Paper Title
A Predicting and Adapting Malware Sustainability Using Hybrid Temporal Behavior Fusion Framework
Abstract
Accurate, flexible, and computationally sustainable detection systems are required due to the swift spread of Android applications and the growing complexity of mobile malware. Current retraining-based and incremental learning techniques find it difficult to strike a balance between long-term adaptability, efficiency, and detection accuracy in the face of sudden structural changes in the Android SDK and evolving concept drift. The Hybrid Temporal Behavior Fusion Framework proposed in this paper consists of three integrated layers: a Behavioral Ensemble Detection Module that uses year-adaptive Random Forest classifiers with Attention-Based Feature Weighting, a Temporal Inference and Clustering Module that uses DBSCAN and Gradient Boosted Decision Trees for probabilistic release-year estimation, and a Drift-Aware Optimization Module that uses Kullback–Leibler Divergence for selective recalibration without complete retraining.
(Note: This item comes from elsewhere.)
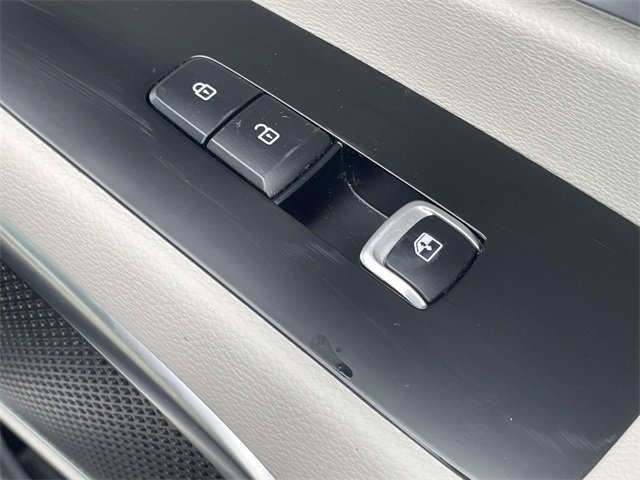 Used 2021 Kia Telluride SX w/ Nightfall Edition Package image 21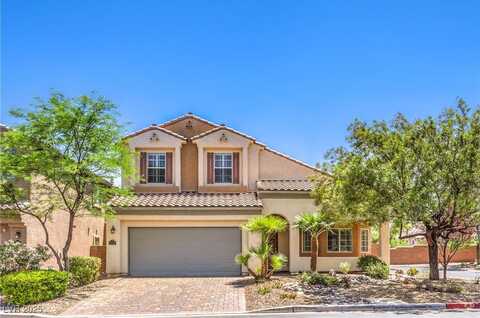 11625 Cabo Del Verde Avenue, Las Vegas, NV 89138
The suggested framework ensures reliable and scalable malware detection in real-world evolving threat environments by achieving detection accuracy and F1 scores comparable to retraining-based methods while maintaining significantly lower computational overhead, as tested on an Android dataset spanning 2014–2023
Keywords - Android Malware Detection, Concept Drift Adaptation, Temporal Inference and Clustering ,Hybrid Ensemble Learning ,Kullback Leibler Divergence ,Sustainable Machine Learning.